#### Dataset records:

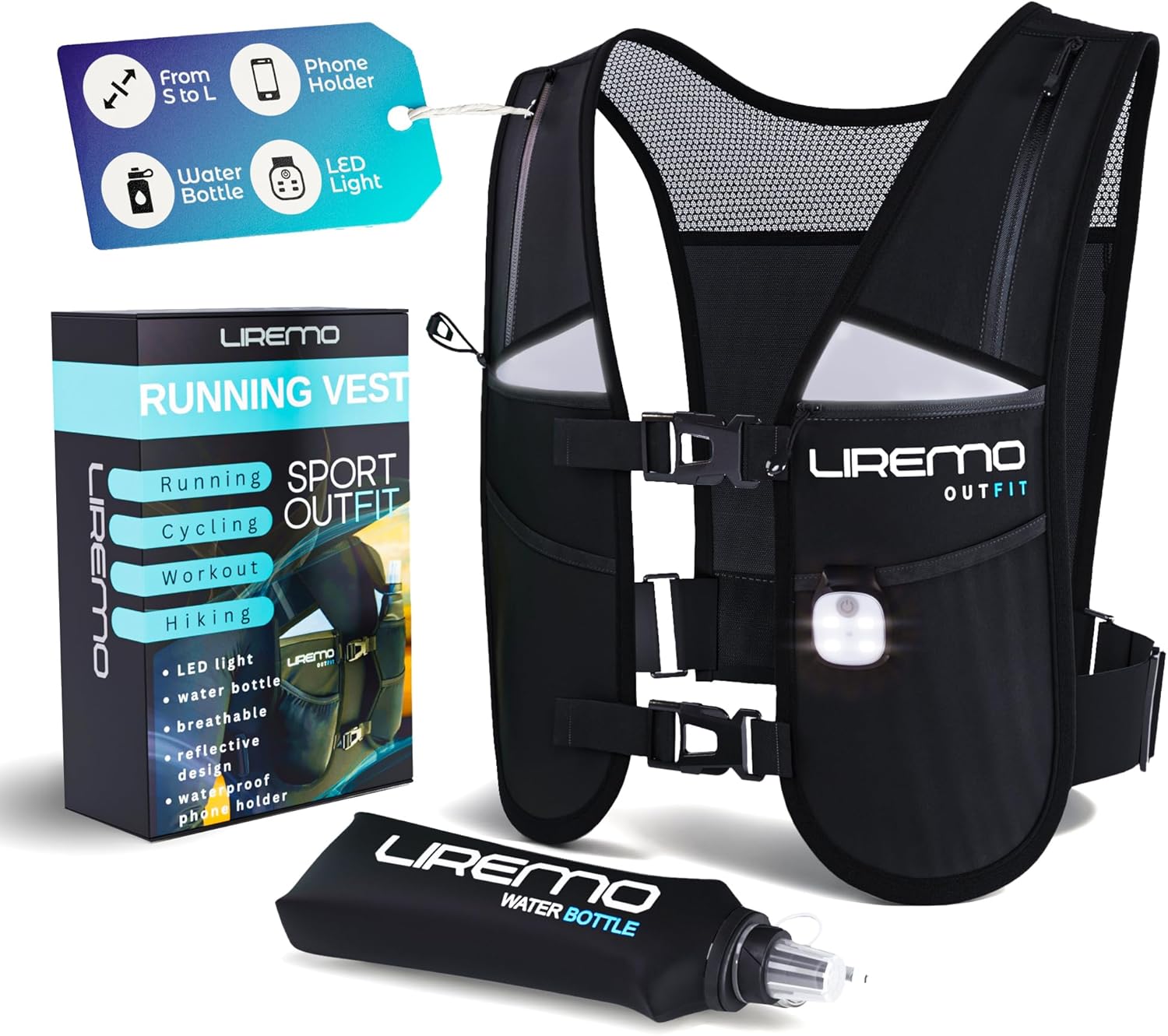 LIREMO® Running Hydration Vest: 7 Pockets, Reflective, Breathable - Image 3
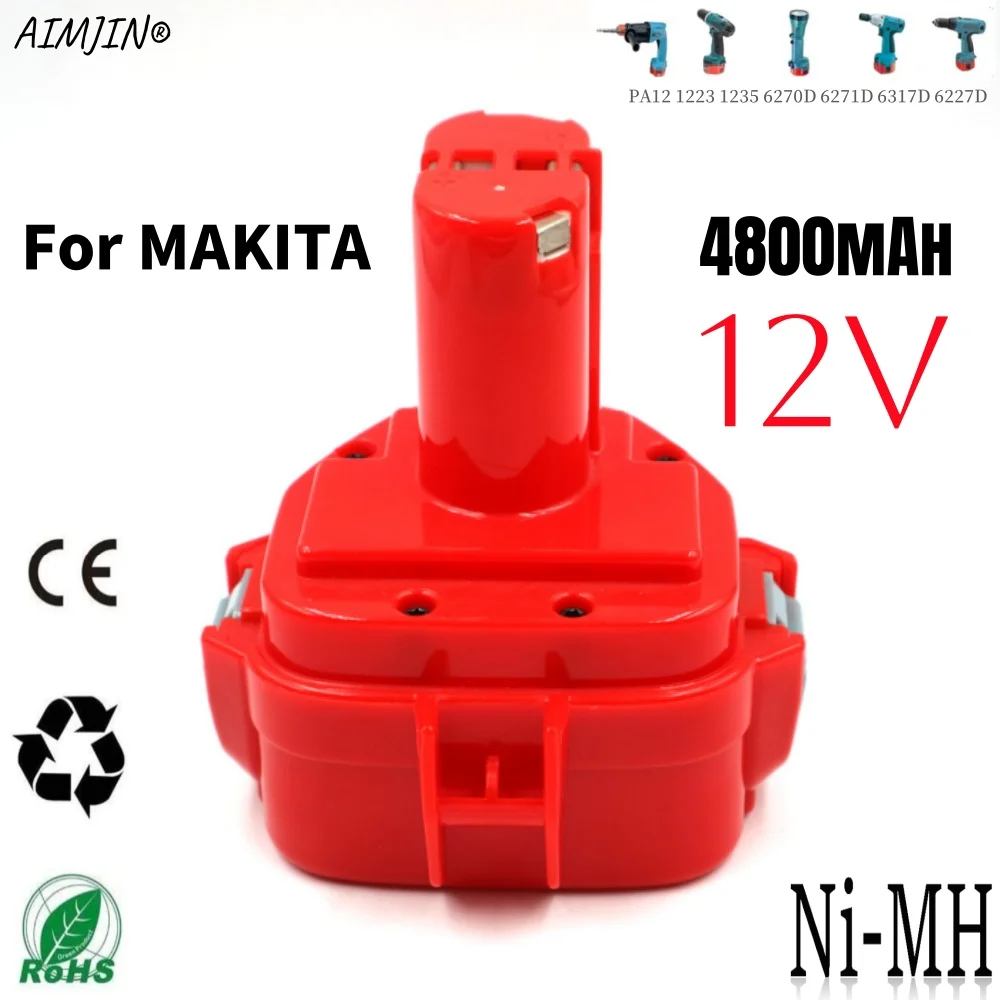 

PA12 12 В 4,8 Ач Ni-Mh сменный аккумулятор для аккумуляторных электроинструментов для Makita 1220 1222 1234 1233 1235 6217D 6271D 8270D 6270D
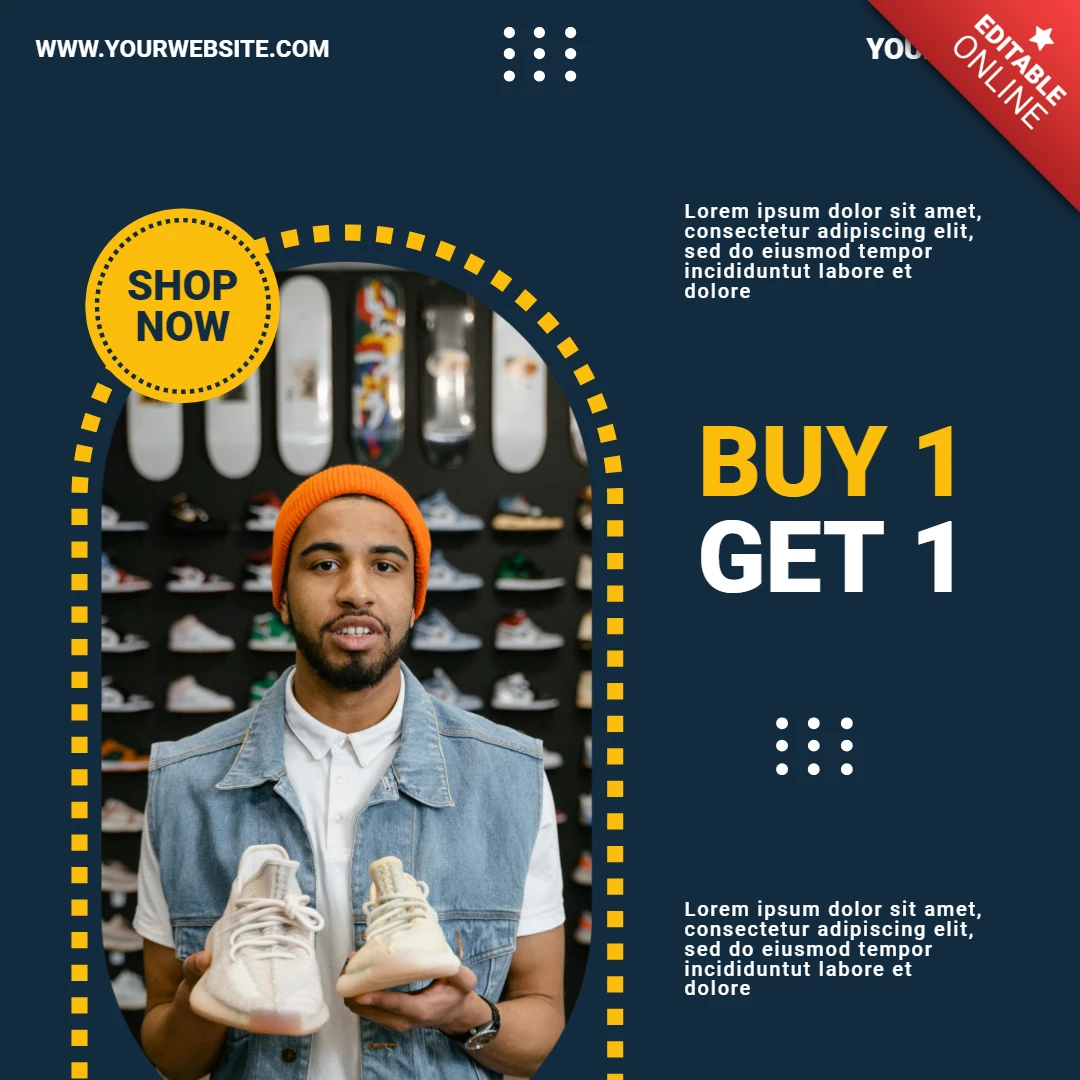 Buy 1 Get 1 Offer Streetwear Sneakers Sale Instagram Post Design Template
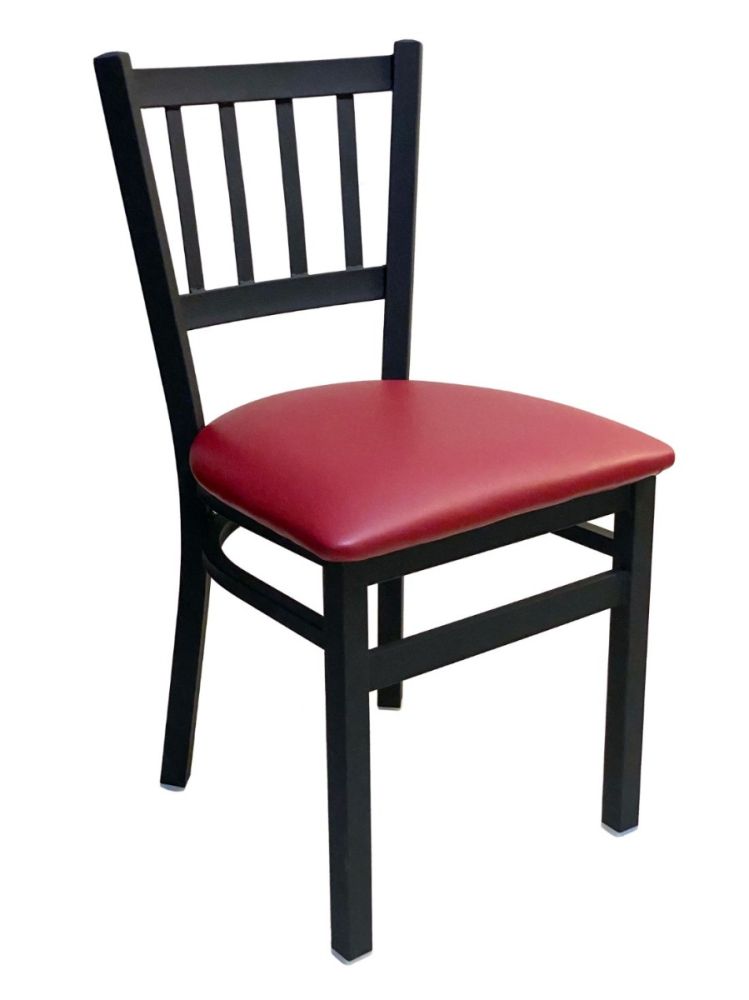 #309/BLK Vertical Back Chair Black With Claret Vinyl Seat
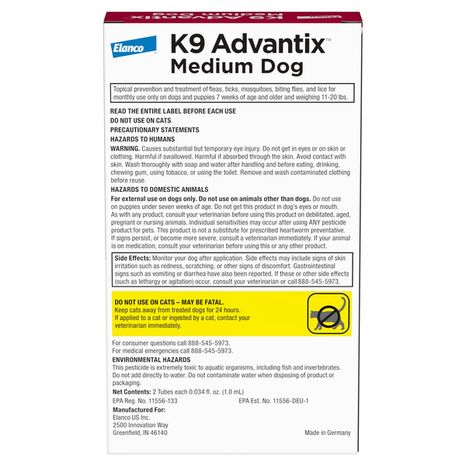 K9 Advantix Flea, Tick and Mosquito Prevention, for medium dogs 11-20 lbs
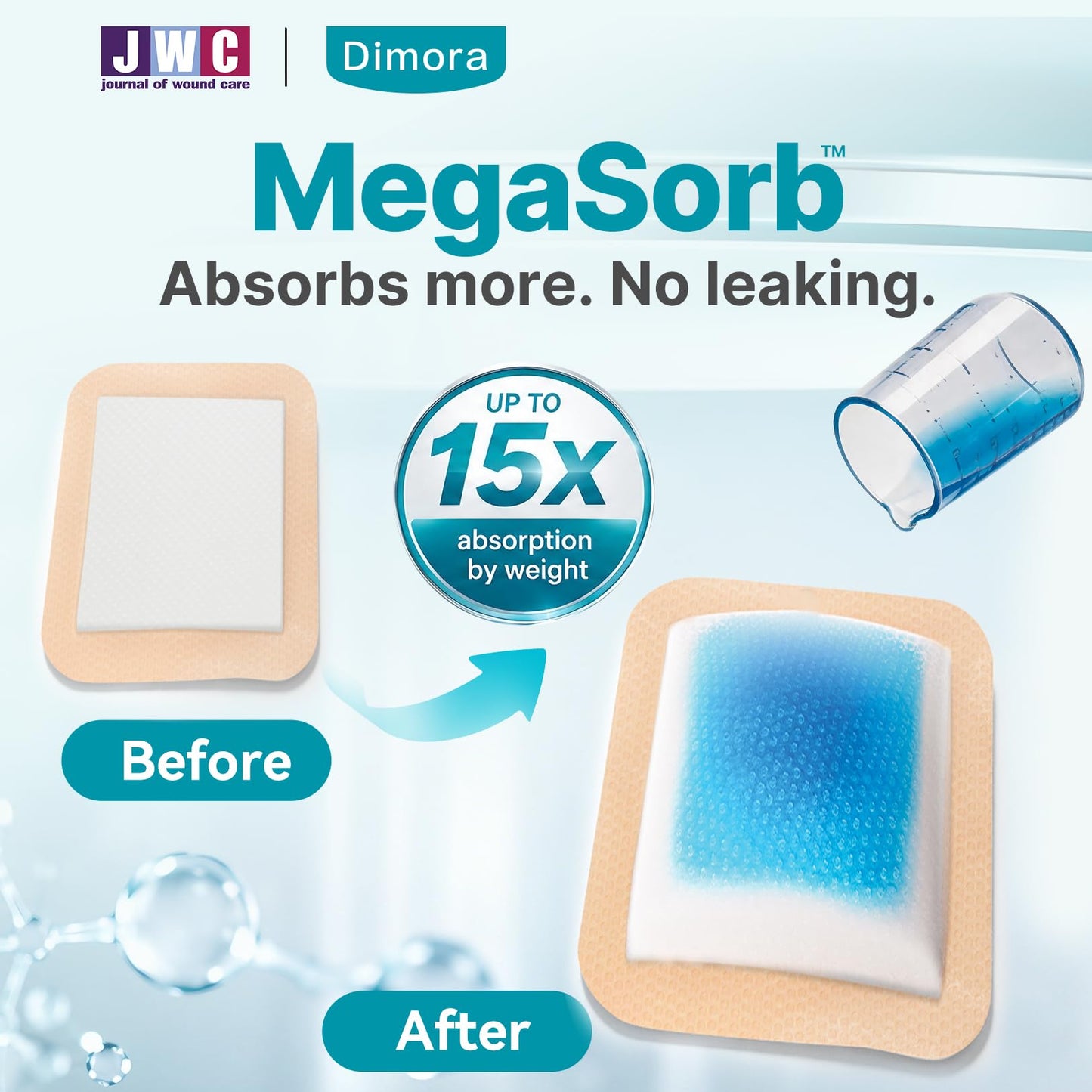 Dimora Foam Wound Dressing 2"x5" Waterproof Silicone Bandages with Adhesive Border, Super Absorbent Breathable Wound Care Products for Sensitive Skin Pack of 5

#### Work instructions:
Output all of the data word for word, excluding any pictures.

#### The answer:
 LIREMO® Running Hydration Vest: 7 Pockets, Reflective, Breathable - Image 3

PA12 12 В 4,8 Ач Ni-Mh сменный аккумулятор для аккумуляторных электроинструментов для Makita 1220 1222 1234 1233 1235 6217D 6271D 8270D 6270D
 Buy 1 Get 1 Offer Streetwear Sneakers Sale Instagram Post Design Template
 #309/BLK Vertical Back Chair Black With Claret Vinyl Seat
 K9 Advantix Flea, Tick and Mosquito Prevention, for medium dogs 11-20 lbs
 Dimora Foam Wound Dressing 2"x5" Waterproof Silicone Bandages with Adhesive Border, Super Absorbent Breathable Wound Care Products for Sensitive Skin Pack of 5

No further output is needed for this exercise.